◆ Problem:
Restate the data word for word and leave the images out.

◆ Collected data:
======
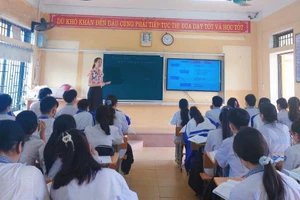 Tiết học của cô và trò trường THPT Tam Nông, tỉnh Phú Thọ.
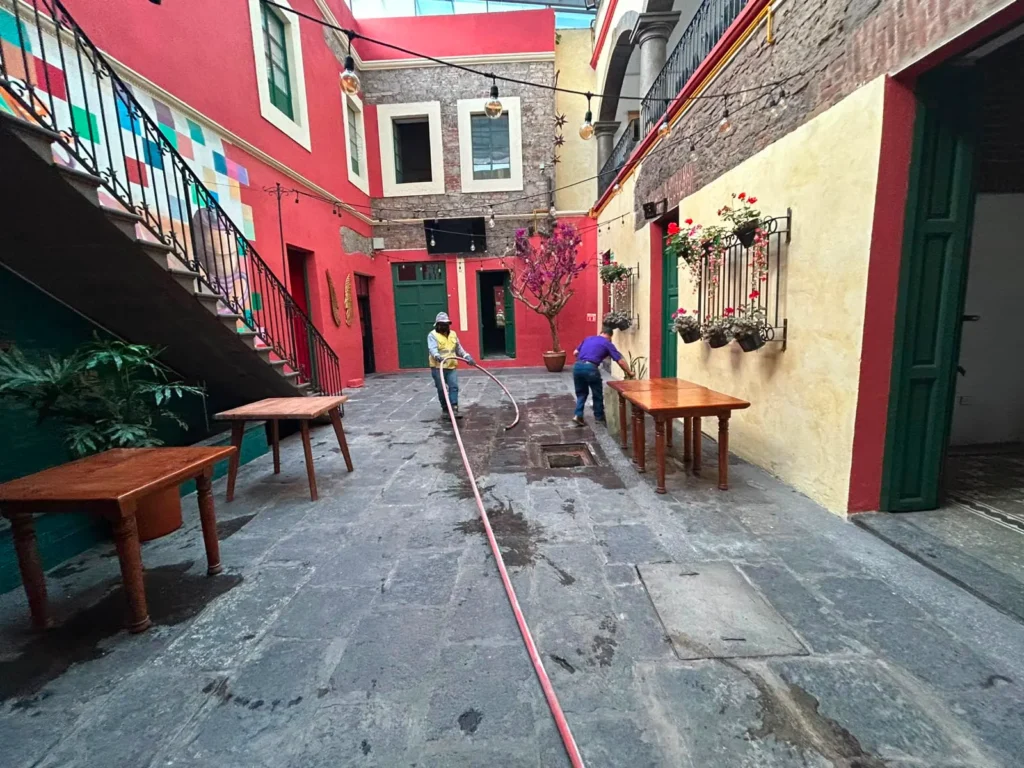 Gobierno de Pepe Chedraui mantiene atención permanente a zonas afectadas por lluvias en el Centro Histórico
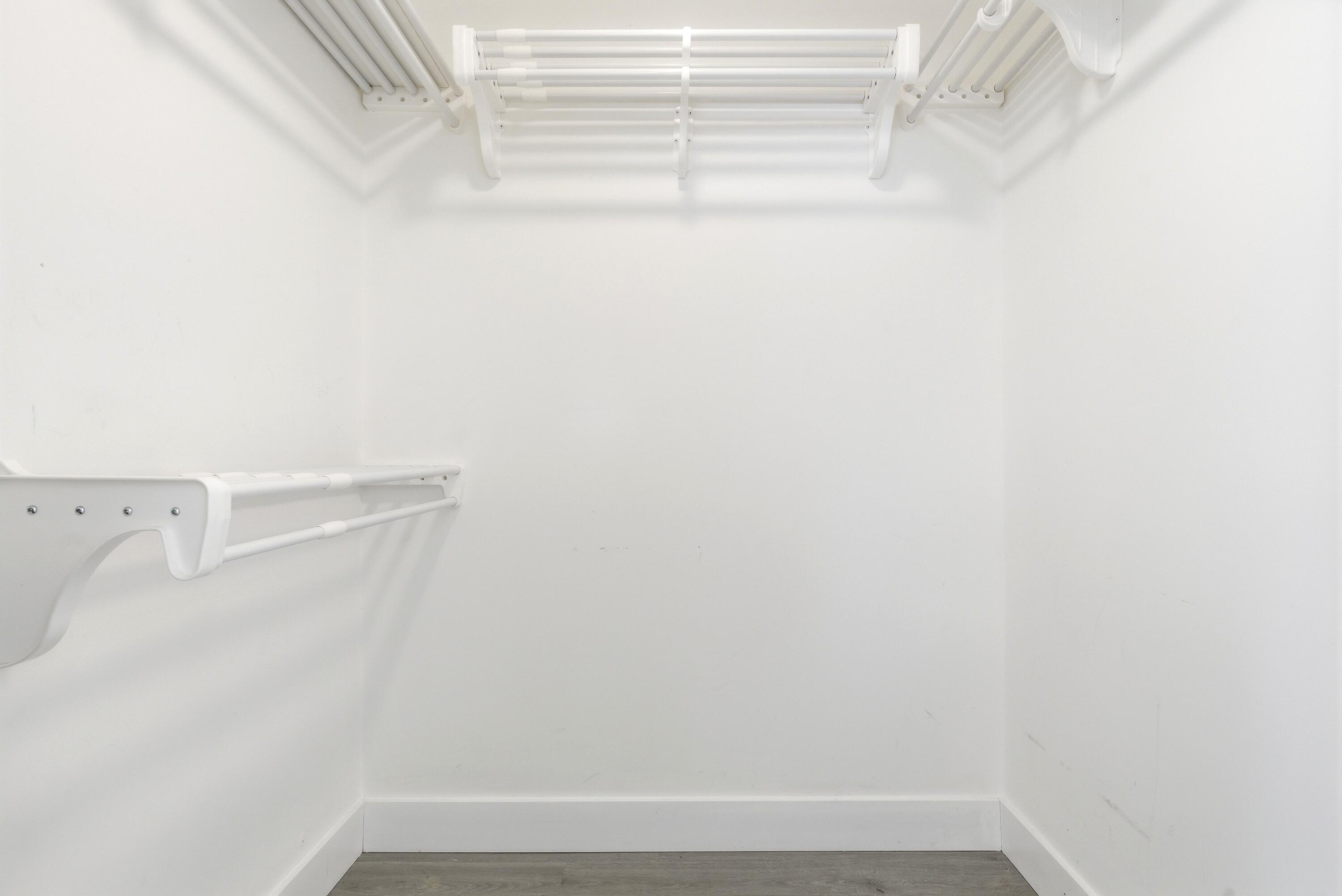 LINWOOD GARDENS - Residential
======
◆ Written solution:
 Tiết học của cô và trò trường THPT Tam Nông, tỉnh Phú Thọ.
 Gobierno de Pepe Chedraui mantiene atención permanente a zonas afectadas por lluvias en el Centro Histórico
 LINWOOD GARDENS - Residential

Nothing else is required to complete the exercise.